Data shown —
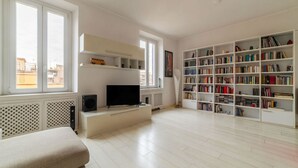 A spacious living room with a flat-screen TV, a bookshelf, and a large window. - GuestHost - Trastevere Station Bright Apartment with Terrace (Roma)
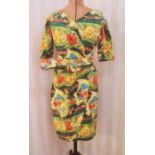 1950's-style short cotton dress with a front draped waist, a green raw silk full-length dress with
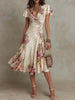 FJØRNA chiffon floral midi dress with flowy fabric and elegant design, perfect for evening occasions.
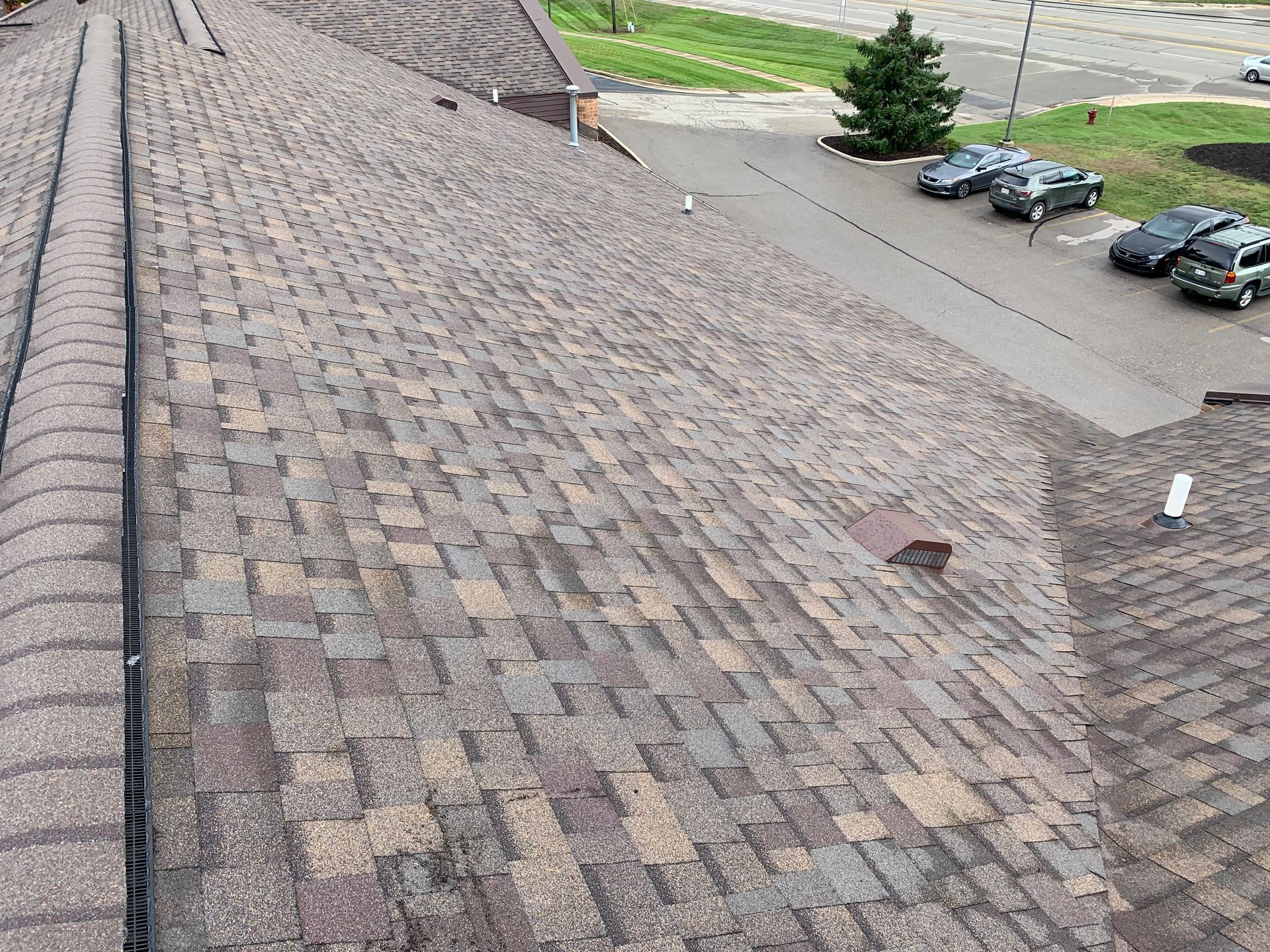 Rooftop with weathered shingles beside a parking lot with several cars.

What you should do —
Print the listing verbatim; no pictures.

Exercise output —
 A spacious living room with a flat-screen TV, a bookshelf, and a large window. - GuestHost - Trastevere Station Bright Apartment with Terrace (Roma)
 1950's-style short cotton dress with a front draped waist, a green raw silk full-length dress with
 FJØRNA chiffon floral midi dress with flowy fabric and elegant design, perfect for evening occasions.
 Rooftop with weathered shingles beside a parking lot with several cars.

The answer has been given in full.